Problem requirements - Among the entries below, extract exactly the lines that run from the one with "What I love" through the one with "In 2016, the", both ends included.

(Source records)

· · ·

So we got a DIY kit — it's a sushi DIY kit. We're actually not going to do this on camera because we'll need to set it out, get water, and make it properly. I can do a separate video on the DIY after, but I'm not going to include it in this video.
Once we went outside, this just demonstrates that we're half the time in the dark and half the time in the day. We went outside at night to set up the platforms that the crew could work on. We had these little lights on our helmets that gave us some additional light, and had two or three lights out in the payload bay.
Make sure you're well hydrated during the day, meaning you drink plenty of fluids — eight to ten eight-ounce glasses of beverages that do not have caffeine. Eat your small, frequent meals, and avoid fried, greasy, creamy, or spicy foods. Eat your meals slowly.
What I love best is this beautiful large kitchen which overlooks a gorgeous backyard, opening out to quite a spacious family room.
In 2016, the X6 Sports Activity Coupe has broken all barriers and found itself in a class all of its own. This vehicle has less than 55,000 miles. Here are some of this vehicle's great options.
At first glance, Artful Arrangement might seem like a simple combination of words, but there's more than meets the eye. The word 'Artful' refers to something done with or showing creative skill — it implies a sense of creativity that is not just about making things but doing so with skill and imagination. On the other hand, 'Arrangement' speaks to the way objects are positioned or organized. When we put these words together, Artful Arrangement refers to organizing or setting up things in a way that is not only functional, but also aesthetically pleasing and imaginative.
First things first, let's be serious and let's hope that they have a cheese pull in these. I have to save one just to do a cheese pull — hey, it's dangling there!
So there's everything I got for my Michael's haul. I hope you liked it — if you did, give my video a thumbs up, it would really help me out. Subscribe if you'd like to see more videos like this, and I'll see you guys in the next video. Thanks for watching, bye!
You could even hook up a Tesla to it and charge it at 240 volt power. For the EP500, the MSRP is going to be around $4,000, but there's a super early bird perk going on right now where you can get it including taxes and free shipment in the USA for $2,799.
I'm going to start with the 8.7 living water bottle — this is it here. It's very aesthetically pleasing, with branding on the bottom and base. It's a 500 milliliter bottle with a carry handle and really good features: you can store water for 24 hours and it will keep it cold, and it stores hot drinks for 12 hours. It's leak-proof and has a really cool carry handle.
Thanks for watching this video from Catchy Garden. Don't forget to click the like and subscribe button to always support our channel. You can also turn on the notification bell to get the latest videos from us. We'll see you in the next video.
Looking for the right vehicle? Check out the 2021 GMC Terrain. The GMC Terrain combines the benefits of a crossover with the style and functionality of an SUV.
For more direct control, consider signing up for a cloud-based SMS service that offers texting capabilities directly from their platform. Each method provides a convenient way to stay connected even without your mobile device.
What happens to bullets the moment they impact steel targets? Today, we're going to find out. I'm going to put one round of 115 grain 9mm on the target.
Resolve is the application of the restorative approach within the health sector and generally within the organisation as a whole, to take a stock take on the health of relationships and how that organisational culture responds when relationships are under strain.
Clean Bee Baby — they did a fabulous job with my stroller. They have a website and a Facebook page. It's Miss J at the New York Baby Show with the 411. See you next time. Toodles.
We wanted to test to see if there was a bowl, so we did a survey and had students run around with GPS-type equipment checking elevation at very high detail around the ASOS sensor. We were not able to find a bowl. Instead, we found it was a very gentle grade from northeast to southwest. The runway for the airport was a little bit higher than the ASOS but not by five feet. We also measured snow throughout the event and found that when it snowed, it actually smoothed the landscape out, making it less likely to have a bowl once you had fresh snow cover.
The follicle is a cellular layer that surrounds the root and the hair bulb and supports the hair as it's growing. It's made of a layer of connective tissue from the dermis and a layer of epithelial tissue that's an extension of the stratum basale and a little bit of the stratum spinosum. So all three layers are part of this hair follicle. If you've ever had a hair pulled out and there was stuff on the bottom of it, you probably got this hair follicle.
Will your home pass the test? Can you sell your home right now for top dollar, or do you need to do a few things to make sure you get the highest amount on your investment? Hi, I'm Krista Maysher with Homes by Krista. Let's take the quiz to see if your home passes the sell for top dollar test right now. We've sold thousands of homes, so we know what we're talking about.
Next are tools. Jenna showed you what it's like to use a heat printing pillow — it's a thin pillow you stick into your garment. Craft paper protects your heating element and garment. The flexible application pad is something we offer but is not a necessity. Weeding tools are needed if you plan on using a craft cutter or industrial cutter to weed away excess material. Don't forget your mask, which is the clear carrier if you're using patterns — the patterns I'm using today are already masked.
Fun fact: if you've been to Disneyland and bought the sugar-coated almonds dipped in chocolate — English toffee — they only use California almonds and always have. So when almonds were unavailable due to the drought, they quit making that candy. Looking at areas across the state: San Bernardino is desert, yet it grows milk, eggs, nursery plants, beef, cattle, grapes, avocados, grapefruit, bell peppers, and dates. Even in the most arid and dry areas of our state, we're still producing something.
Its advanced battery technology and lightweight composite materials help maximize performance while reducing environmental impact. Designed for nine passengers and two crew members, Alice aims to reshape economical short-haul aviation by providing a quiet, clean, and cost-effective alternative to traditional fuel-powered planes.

· · ·

Response area -
What I love best is this beautiful large kitchen which overlooks a gorgeous backyard, opening out to quite a spacious family room.
In 2016, the X6 Sports Activity Coupe has broken all barriers and found itself in a class all of its own. This vehicle has less than 55,000 miles. Here are some of this vehicle's great options.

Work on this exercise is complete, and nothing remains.